Year 9-17
For me life is interesting, even though Bell Tel. sometimes makes matters miserable for me. I am in this technologically advanced country on dial internet service. Can’t get wireless, and too many trees make it impossible to sight a relay tower. So I am stuck with grandma Bell. The connection between our house and the highway goes dead when snow melts or rain falls, while the line to the village – 5 km away- suffers from nobody knows what- perhaps squirrels or black flies or raccoons eating the wires, giving me p.p. internet service. The p.p. you can either read as pretty poor or as a shorter version where the first ‘p’ is exactly that, and also another 4 letter word, conveying the same meaning.
But life is good and even afterlife gets good publicity nowadays.
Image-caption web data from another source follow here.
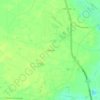 Freemont topographic map, elevation, terrain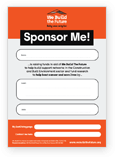 Sponsor Me Poster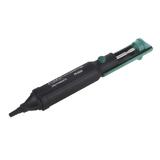 Олововідсмоктувач пластиковий ProsKit PK-366N-G, 205х28мм, механічний, ручний, сопло пластик діаметр 3мм, (Блистер),
   [ProsKit]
Afterlife? Yes, life after death, is very much in the news nowadays. Perhaps not surprisingly the typical American believes not in evolution or global warming but does in Doomsday and an afterlife, in heaven, of course, wearing white robes and clutching golden harps, I presume. The average American – not Canadian – adult sees the earth as a 10,000 year old evil matter whose substance may be abused – hence the denial of global warming – and sees Doomsday coming and regards afterlife a heaven-bound certainty. Yes, in these dark days they expect Doomsday to come knocking at the door anytime now, abetted by the combined crush of economic collapse, peak oil and global warming, the latter not human-induced, of course, but an act of God. This trinity of evil will, they believe, be so severe that society as we know it will never recover, our lifestyles be seriously compromised and survival become a life-or-death issue.
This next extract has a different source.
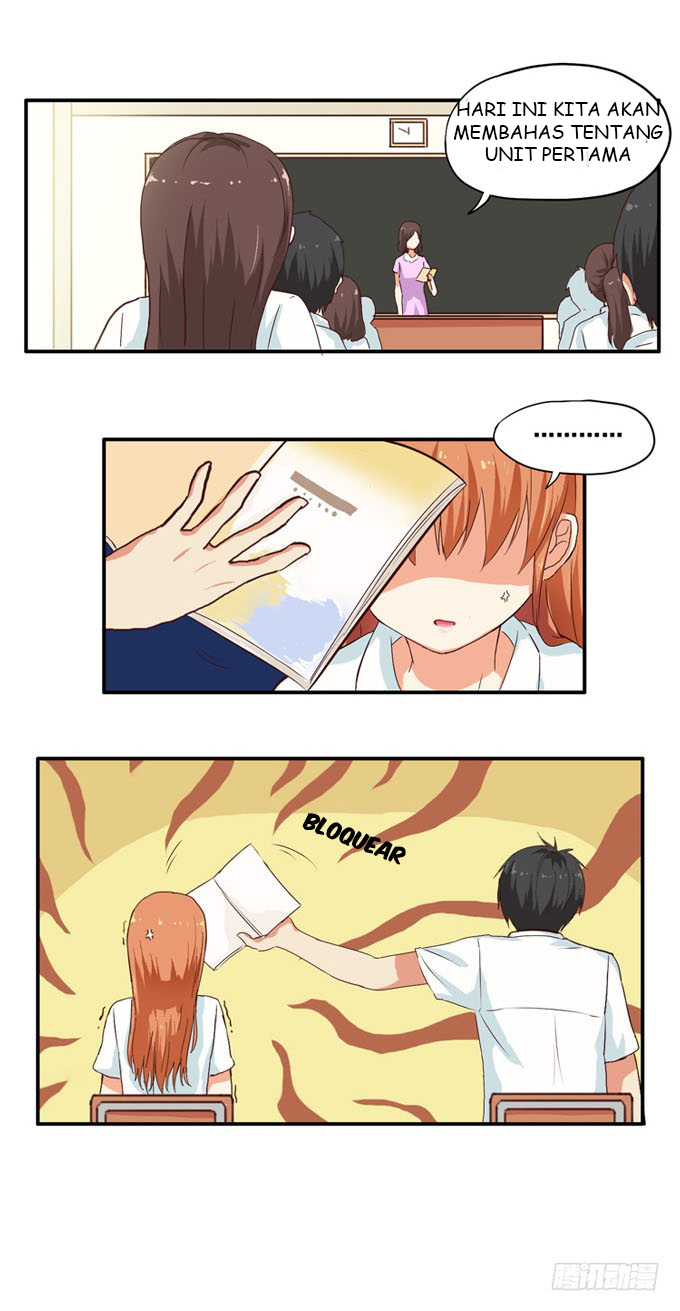 Sweet First Love Chapter 02 Gambar 13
I can back this up with statistics. The surveys vary a bit, but for the longest time, something in the order of 90% of Americans say they believe in God and an afterlife in heaven.
It’s now been 200 years since Charles Darwin came up with his evolution theory. I think that he was partly right. Of course I believe that God exists – as did Darwin – and created the cosmos. I also believe that this took place millions if not billions of years ago – with God one day is as a thousand or million years and a billion years as one day – so that, since that original concepts took shape, humans and animals have gone through development stages (don’t we all): what we see around us is too convincing to assume otherwise. Yet two-thirds of all Americans believe that the earth was created 10,000 years ago.
The church-going crowd over there is mostly Republicans. Among them only 21% think that we are at fault causing climate change. That too fits in with the heaven-thing. To them “earth is a foreign strand, wilderness waste” quoting a hymn. In other words, most Americans don’t think their use of fossil fuels causes this Greenhouse Effect. They blame nature.
Fortunately there are still a lot of religious people who think otherwise. On February 21 Globe and Mail had an interesting exchange between Ian Brown and Jean Vanier. I love Jean Vanier, and I have many of his books.
In that article both mention life after death. Neither mentioned ‘heaven’, which, seen as a human destination, is a very unbiblical concept. Let me give one example: The last verse in the book of Daniel says, “As for you, go your way till the end. You will rest, and then at the end of days you will rise to receive your allotted inheritance.” Jesus too sees death as ‘a restful sleep’. That inheritance, by the way, is a cleaned up earth.
The church is wrong when it portrays heaven as the after-life abode, a lie the Devil has successfully sold to organized religion, weakening the resolve of church people to whole-heartedly care for the earth.
Vanier writes that, in thinking of life-after-death, he visualizes “it will be a wonderful moment of peace, of joy, of ecstasy of love, a fulfillment of love. It will be more wonderful than anything we could have imagined.” He repeatedly mentions the beauty of the earth, which reminds me that “God made no junk and will not junk what he has made.” That’s why we must now live so that when the renewal comes we will have no trouble making that transition.
So how will it all end? I don’t refer to Doomsday – the Bible calls it “The Day of the Lord” – but I do mean the current economic and environmental crisis. If the majority of Americans deny any direct responsibility for Climate Change, then our planet will certainly keep on deteriorating at a rapid rate, with China and India, taking their cue from America, continuing to pollute.
So, indeed, the American collective psyche definitely has a Doomsday mentality, enhanced by their heaven-heresy.
Oh, yes, we live in interesting times.